Sortir de l’isolement par le bénévolat

Sortir de l’isolement par le bénévolat
Photo: Gracieuseté

Après plus de dix ans d’implication dans sa communauté, Roger Brault a reçu pour la première fois le Prix pour le bénévole aîné de l’année. Un modèle d’engagement à suivre pour briser l’isolement chez les personnes âgées selon le président du Centre de santé des aînés du Sud-Ouest – Verdun

M. Brault se spécialise en accompagnement et en écoute et visite des Verdunois isolés chez eux. «Moi qui parle tout le temps, j’ai appris à écouter. C’est tellement valorisant d’entrer chez soi le soir et de savoir qu’on a rendu quelqu’un heureux en étant simplement présent», commente-t-il.

Le Verdunois donne une vingtaine d’heures de son temps chaque semaine à différentes organisations. À 72 ans, il souffre de problèmes cardiaques, mais cela ne l’arrête pas.

«Il ne faut jamais baisser les bras. En regardant autour, on se rend compte qu’il y a plus démuni que soi et il faut se dire qu’on est capable de le faire», explique-t-il.

Il a toujours aimé aider les gens et ce, depuis son enfance dans l’épicerie de son père. Il apprécie aller à la rencontre des gens, apprendre d’eux et de leurs expériences, ainsi que leur démontrer qu’ils ne sont pas seuls.

«C’est une école de vie», assure M. Brault, en souriant. Il croit que les gens devraient se mettre au bénévolat dès leur jeune âge pour mieux saisir le monde qui les entoure, mais qu’il n’est jamais trop tard pour le faire.

Rester en santé

Le Centre de santé des aînés du Sud-Ouest – Verdun, qui a remis le prix à M. Brault, valorise le bénévolat comme moyen de briser l’isolement.

Les aînés, on en compte plus de 35 000 dans le Sud-Ouest, ont la capacité de s’entraider. Les plus en santé peuvent donner de leur temps pour aider ceux qui ont moins de ressources selon le président, Dr Roger Cadieux.

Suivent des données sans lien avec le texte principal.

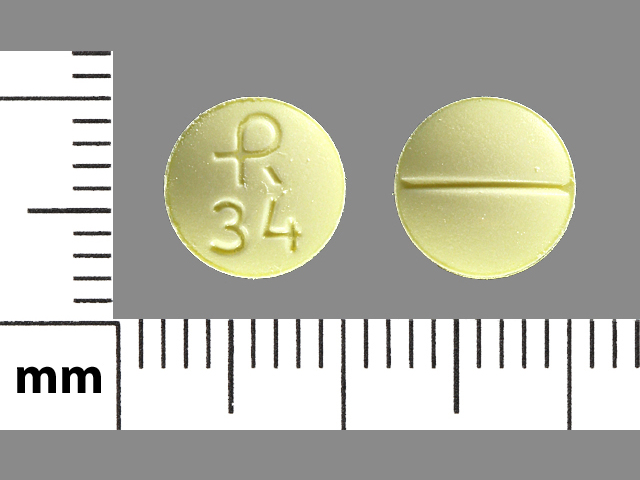 Yellow Round pill with imprint R;34 — Clonazepam Clonazepam 1 mg; (view 3)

«En faisant du bénévolat, on redonne un sens à la vie tout en donnant à son prochain, observe-t-il. On a tendance dans notre société à définir une personne par ce qu’elle a exercé comme métier dans le passé, alors que nous sommes plus que ça.»

Quelque 200 bénévoles gravitent autour de son organisation, dont Roger Brault. «Nous sommes chanceux d’avoir Roger auprès de nous, mais il y a encore plusieurs autres aînés à mobiliser», mentionne le Dr Cadieux, âgé de 84 ans.

Les aînés formeront bientôt plus de 25% de la population et leur nombre ne cessera d’augmenter selon les projections statistiques.

Leur santé passe par le maintien des capacités fonctionnelles. «Les aînés ne sont pas juste la responsabilité du système de santé et il ne faut pas seulement les gaver de pilules», remarque le Dr Cadieux.

Le bénévolat demeure donc pour lui, un des outils pour rester actif autant intellectuellement que physiquement.